I have Bumble Bee Toads that have bred recently and have started 14 new cultures of Springtails in tree fern root to help feed them. I also made a sifter out of 3 old sweater boxes and 2 sizes of screen to sift for Springtails in my compost and loose leaves on my property and have found many Springtails this way recently and have started culturing these and with Springtime coming I should have plenty if I run out of cultured ones. You might try the same thing. I have a solid tub on the bottom with a small screened tub above (window screen) and 1/4" screened tub at the top where I load leaves by pitchfork and then shake back and forth to sift the Springtails out. You can separate as needed from there to remove any undesirables out. Of course time your fruit flies and get a batch of those growing. I read where some people had stunted the flies by keeping the mix drier to have smaller ones available.
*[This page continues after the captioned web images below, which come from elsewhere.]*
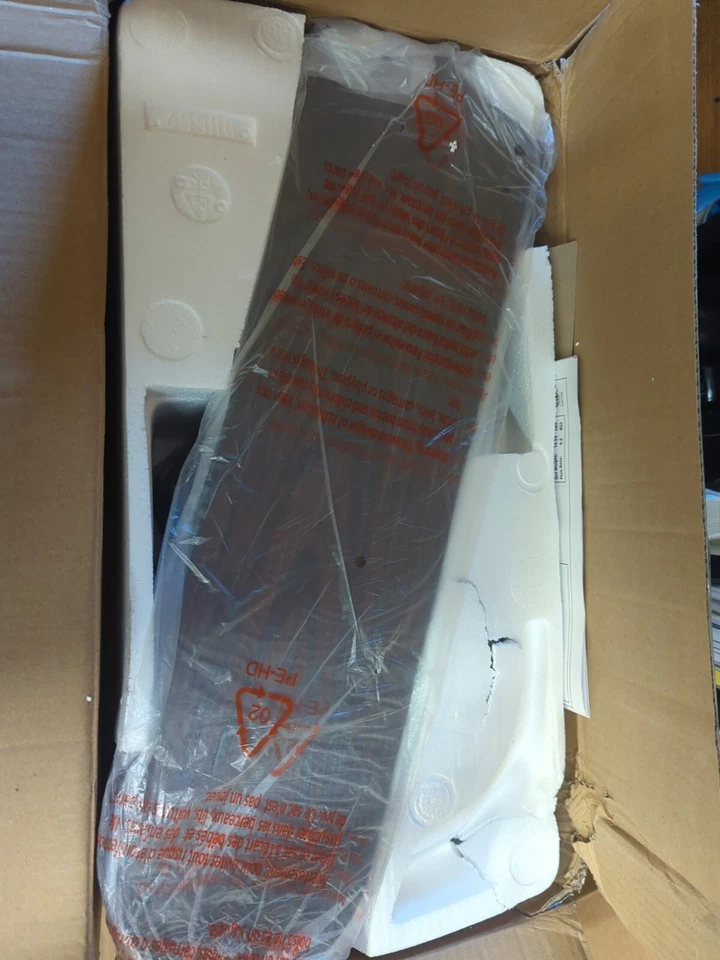 Westinghouse Deacon Outdoor Deacon 52" 5 Blade Indoor / Outdoor - Bronze - Image 3 of 4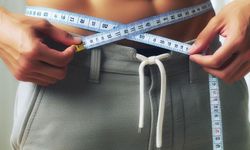 Uzmanlardan Ergenlere Diyet Uyarısı!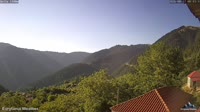 Sella Evrytanias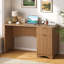 Executive Desk-99745207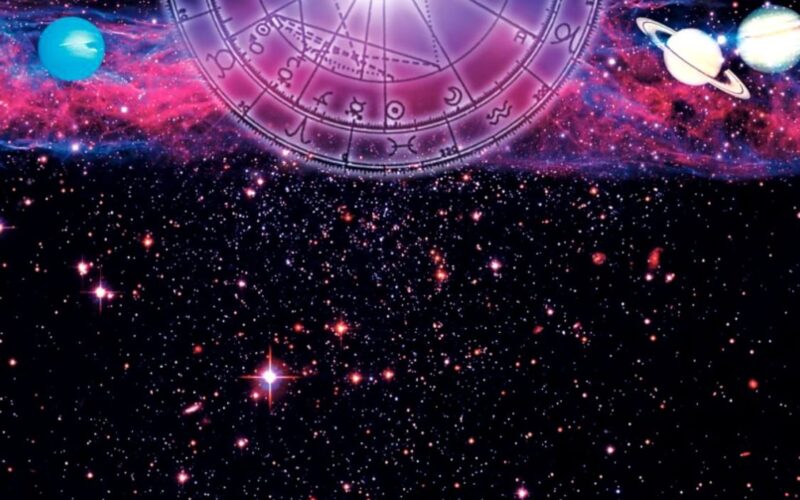 Ce aduce horoscopul zilei de astăzi 18 noiembrie 2025 pentru zodia ta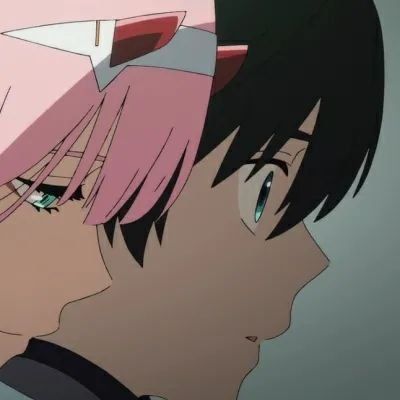 ͷϼͷ
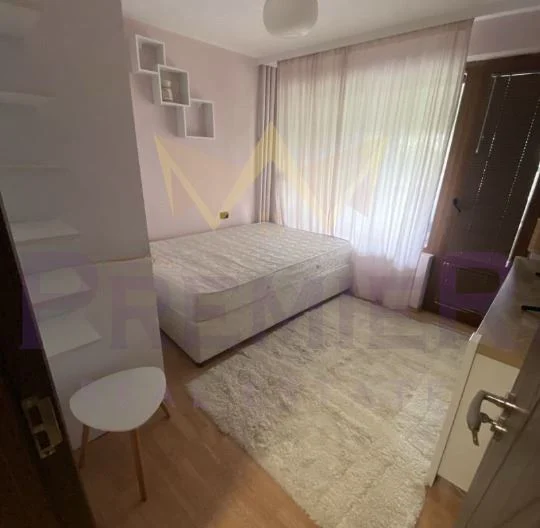 3-стаен Бургас, Зорница -  - снимка 9 - Имоти Премиер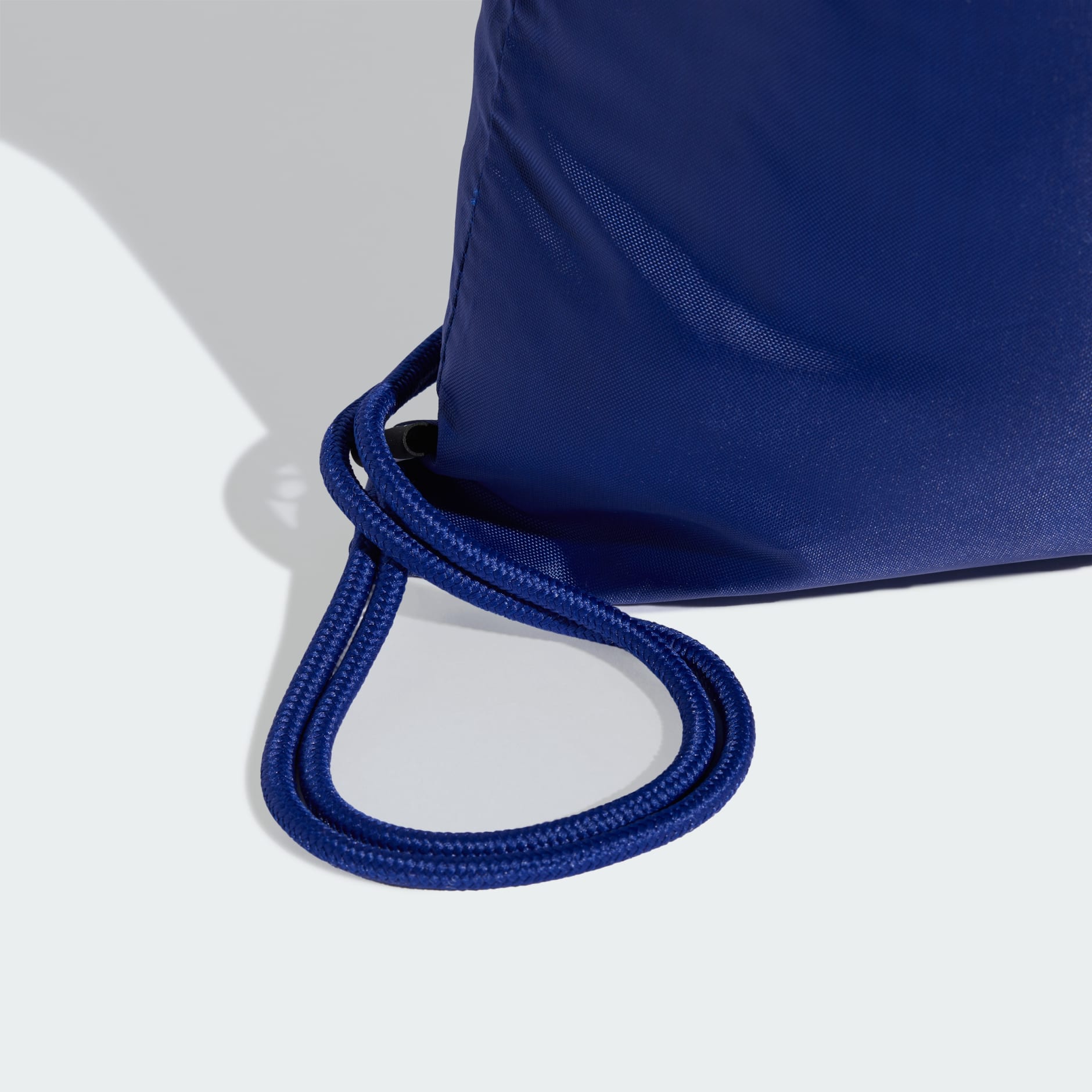 adidas TIRO GRAPHIC GYM SACK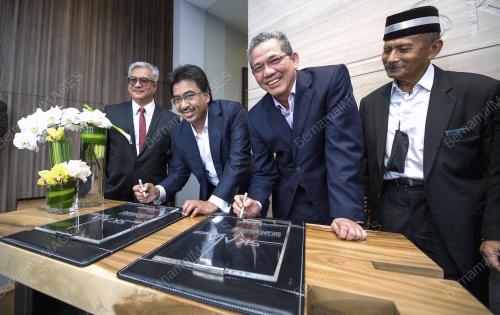 KL24_05092014_RASMI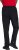 JP1880 Jay-Pi Softshell Pants Black - Sportovní oblečení - Sportovní Oblečení 2XL-10XL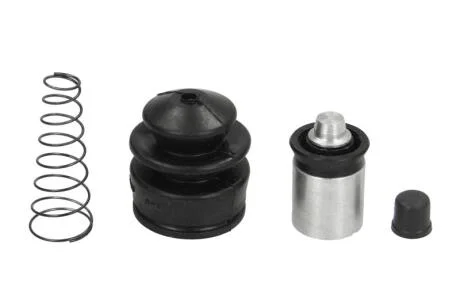 Ремкомплект робочого циліндра зчеплення AUTOFREN D3-533C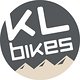 Logo von KL Bikes Regensburg GmbH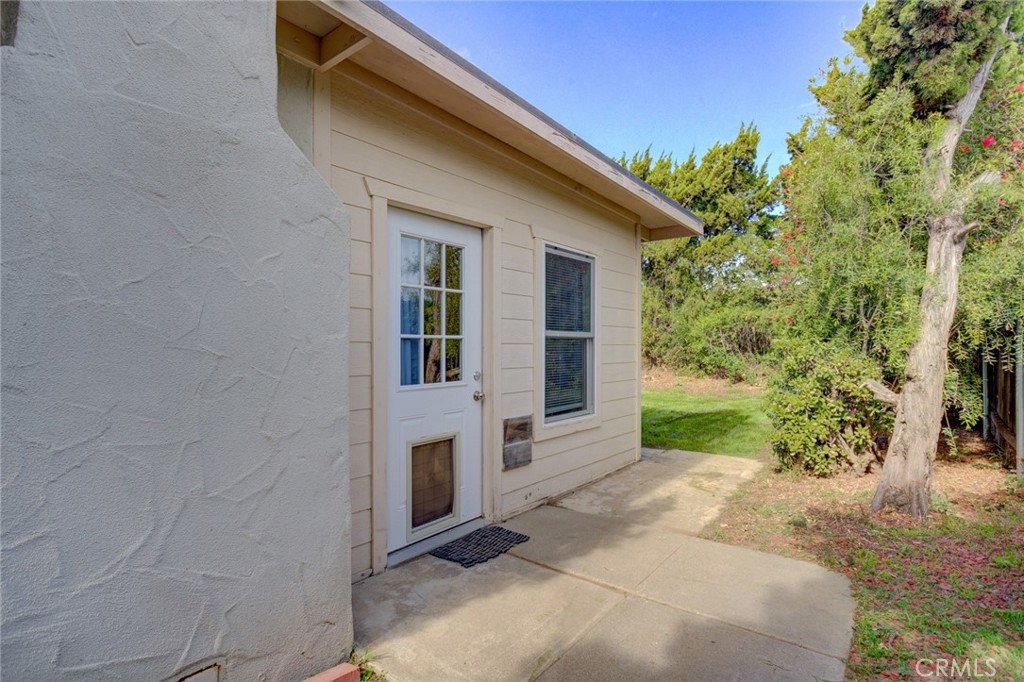 Orcutt East(870) - Residential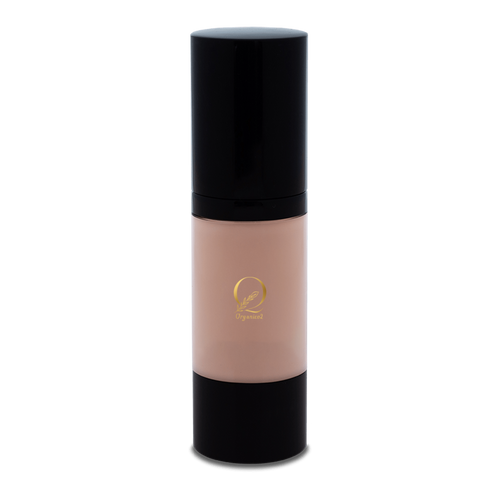 viaGlamour image of a 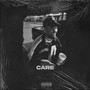 Care Package (Explicit)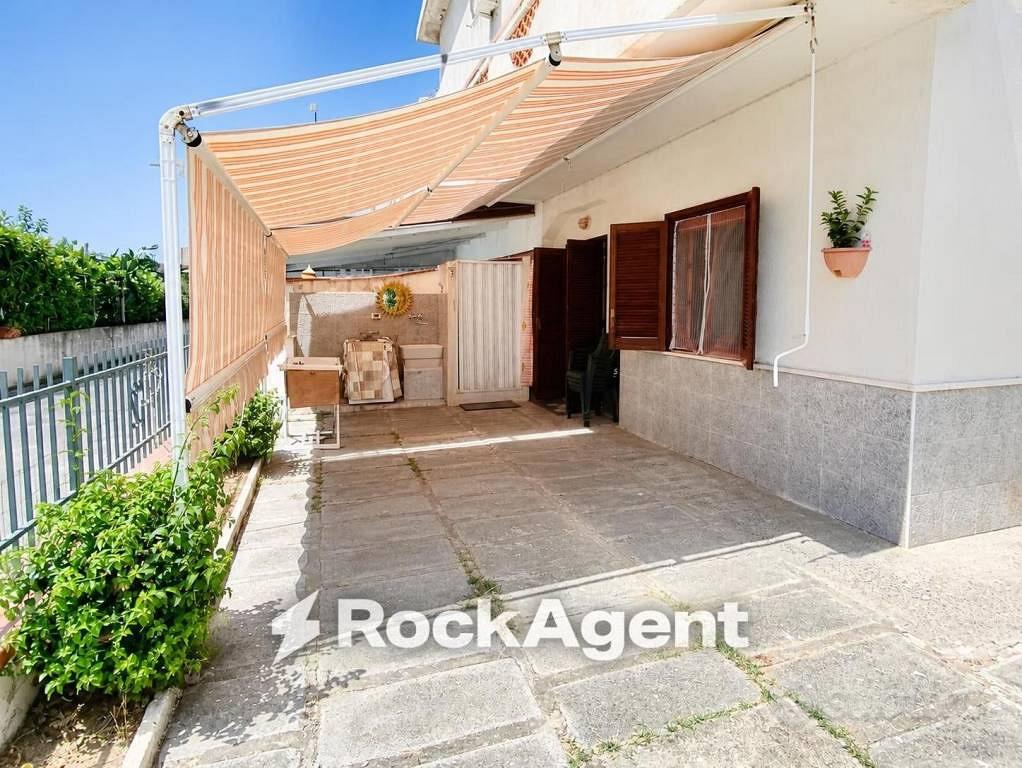 Appartamento – Santa Maria del Cedro, Marina di Santa Maria del Cedro - Vista 5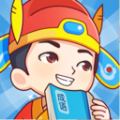 秀才黄金屋app下载2022安卓最新版v1.0.0安卓版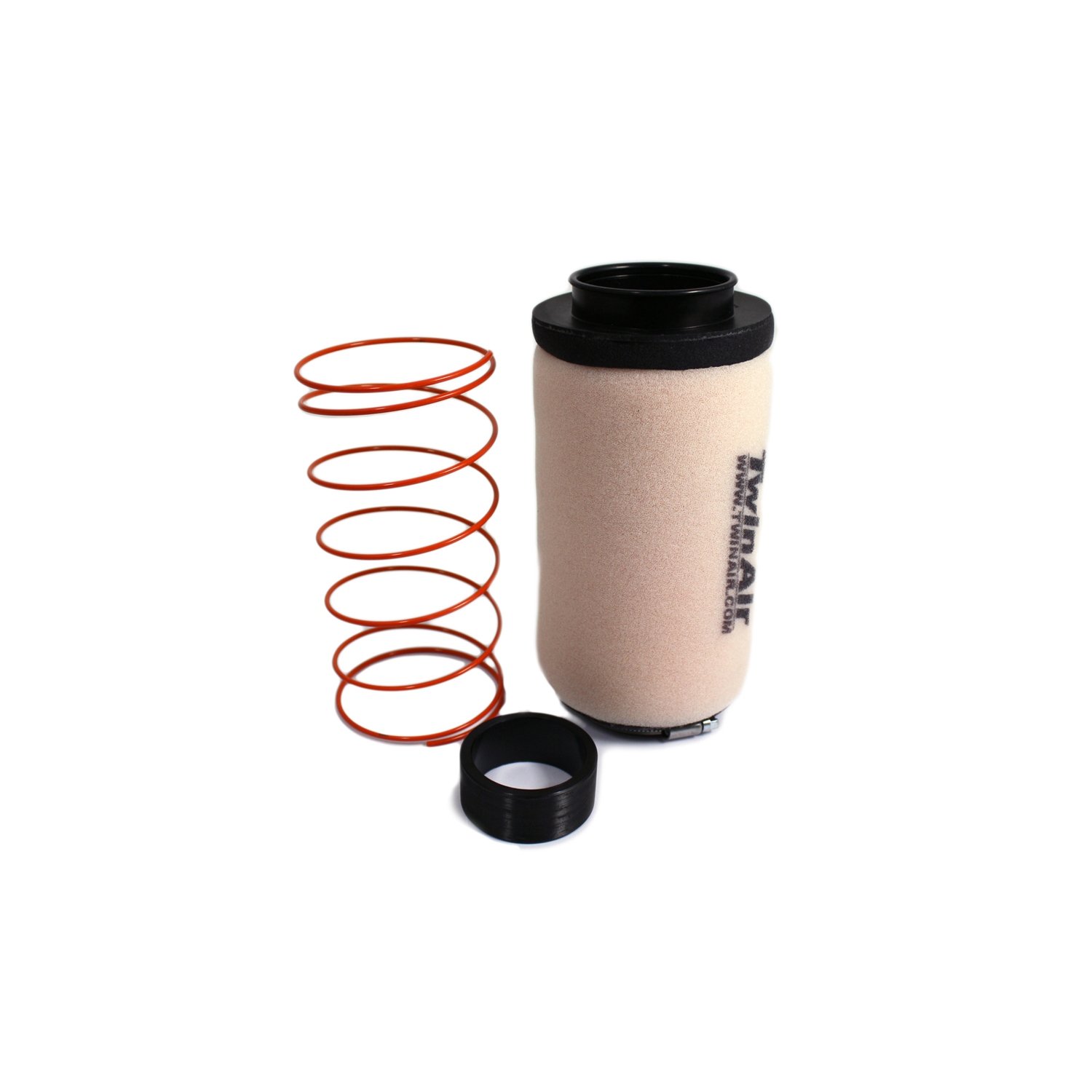 High Performance Dual Stage Air Filter Replacement for Polaris ATV/UTV - Off-Road & Trail Riding Accessories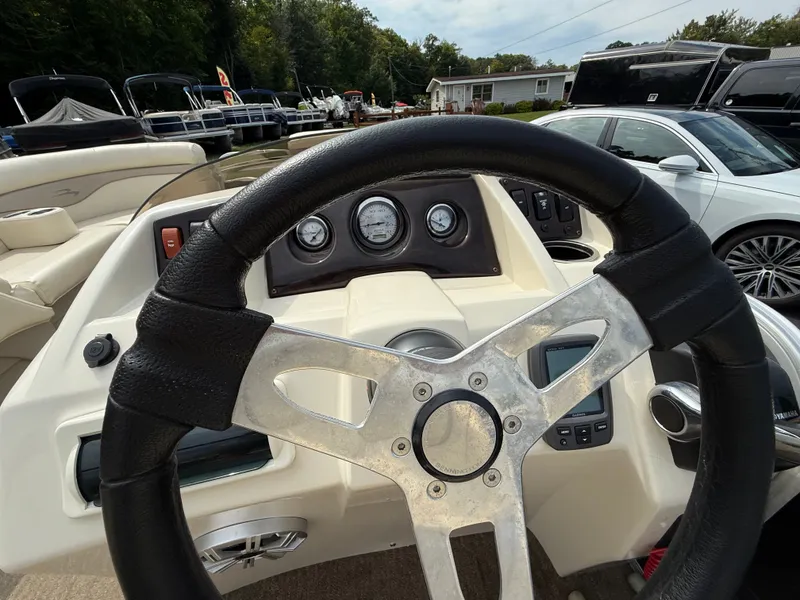 Slide: The Image of Bennington 24 SSRX 2016 - 9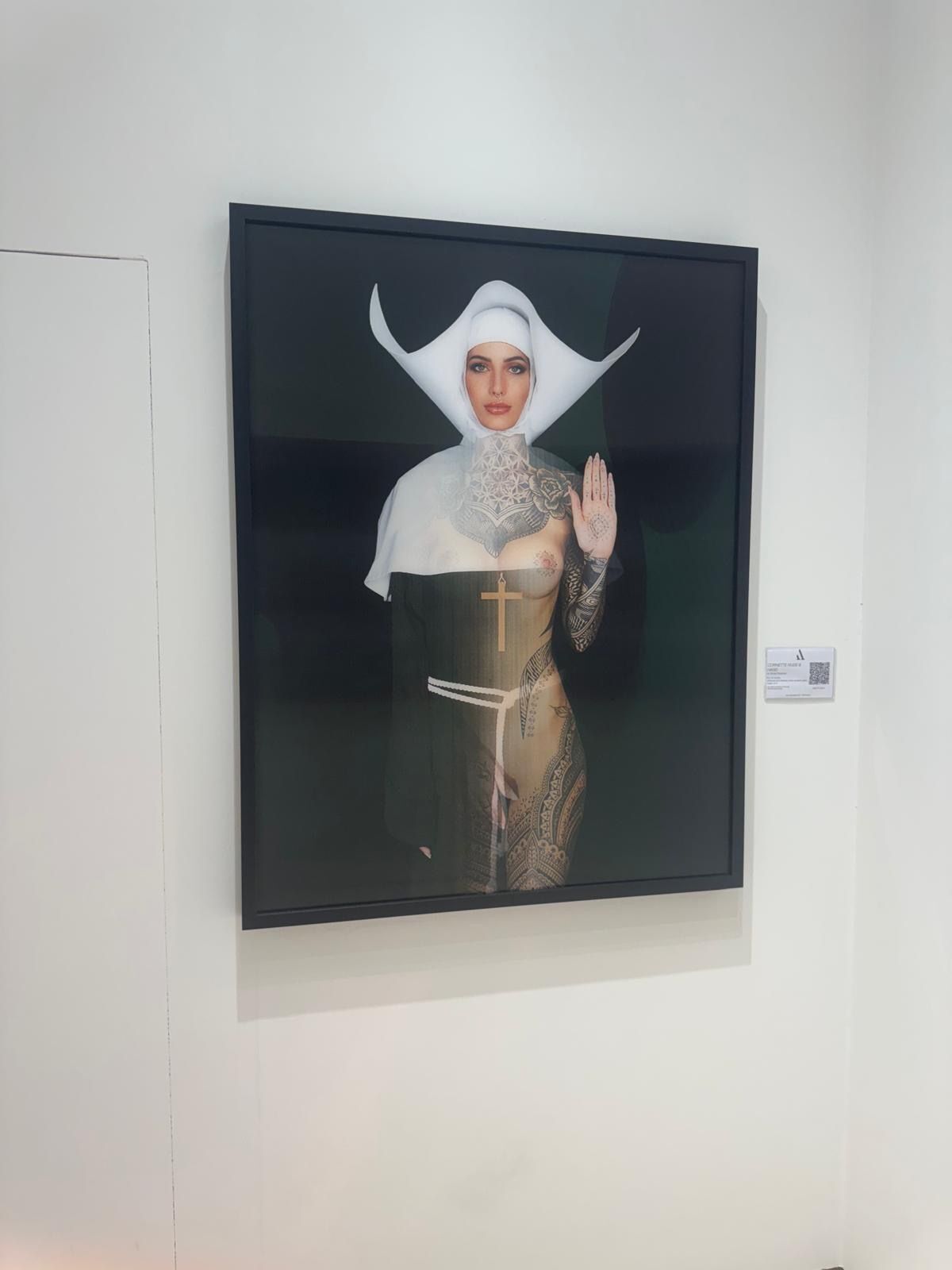 art miami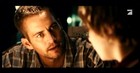 Paul Walker : paul_walker_1267391371.jpg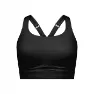 Röhnisch Firm High Support Sport-bh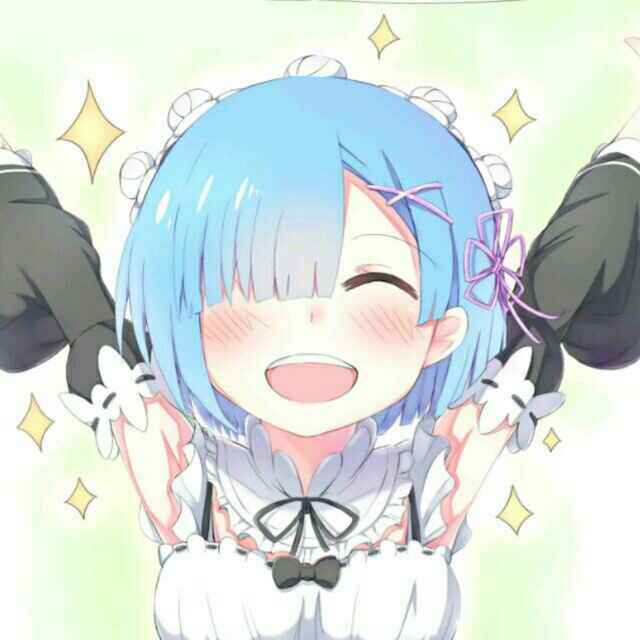 可悟君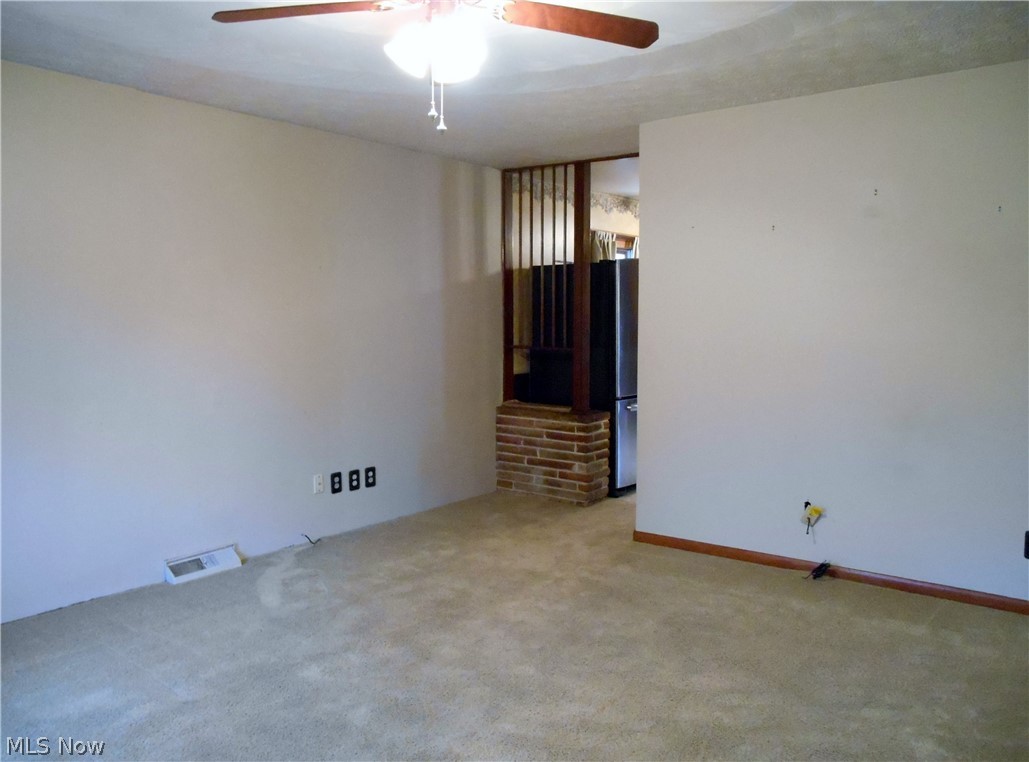 Linway Allotment 03 - Residential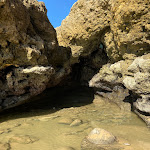 Photo n°20 de l'avis de GHC.u fait le 03/12/2022 à 19:56 sur le  Aparthotel Alfagar à Albufeira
I found I had the same problem feeding Dubia roaches to my Tarantulas so I put the roaches in a small clear tub and the Tarantulas would pick them out. The tub could be a shallow clear ashtray so the toads wouldn't knock it over but they can see them move and the roaches don't have a surface to cling to and try to hide so they are constantly moving in the tub.


----------



## TDK

Here's a photo of the 3 sweater box sifter I made to sift out Springtails. If you sift the leaves in your yard and let the sifted material fall through the first screen which has 1/4" holes into the sweater box with the smaller window screen you will start to see Springtails in the solid tub almost immediatley. You can let the window screen tub sit in the solid tub and the Springtails will continue to find ther way through the screen or you can continue sifting. At this point you can remove any bugs like small centipedes that find ther way through and can feed the toadlets from this mix of leaf dust and Springtails/small bugs or separate the Springtails for culturing see http://www.dendroboard.com/forum/fo...clean-your-mite-contaminated-springtails.html . You'll probably find more than one species and can separate these individually or I put them in a container marked mixed. Note I've got the tubs out of order in the photo--it should be 1/4" screen first, then the window screen and last the solid tub.


----------



## epiphytes etc.

Grats on the breeding. It would be nice to have these readily available as cb. I would think toadlets the size of a pencil eraser would be able to take wingless melos just fine.


----------



## Blue_Pumilio

My previous babies took wingless Melanogastor.



janvier said:


> Yeah I think your'e correct, it does look like more then 1,000 eggs. i don't know what I'm gonna do if a good amount of these survive. i guess it's a good problem to have....lol... The eggs are changing into the shape of a tadpole getting long and skinny and they are moving a lot. I just made the first partial water change this morning and I will keep an eye on them. I ordered some Sera Micron and will try and feed it to the tadpoles. Maybe mix it with some blue algae. There isn't much info on these guys so it's hard to say what the best food source is. After looking at a very closely enhanced picture of the tadpoles mouth they look like bottom feeders or grazers. I feed my adults mostly crickets. Iv'e tried feeding dubia roaches but they don't move around enough and their grip is often to strong for the toads to pick them off. These guys are ambush predators so with the dubia roaches hardly moving it just doesn't work too well. Iv'e also tried banana roaches and those are nice feeders but you will have more of them flying around your house than you can get inside the cage. They seem to prefer smaller prey items. As far as the toadlets I guess I better get on those fruit flies pronto. Maybe springtails, I don't know. Anybody have a good suggestion for small prey items for toadlets. These guys are the size of a pencil eraser when they become toads. I'm not an experienced amphibian keeper. You could say these are my first amphibians. I've done well so far but there is still so much to learn.


----------



## eos

kitcolebay said:


> With that many eggs/tads, I think you'll have enough to introduce all of DB with a few of their own!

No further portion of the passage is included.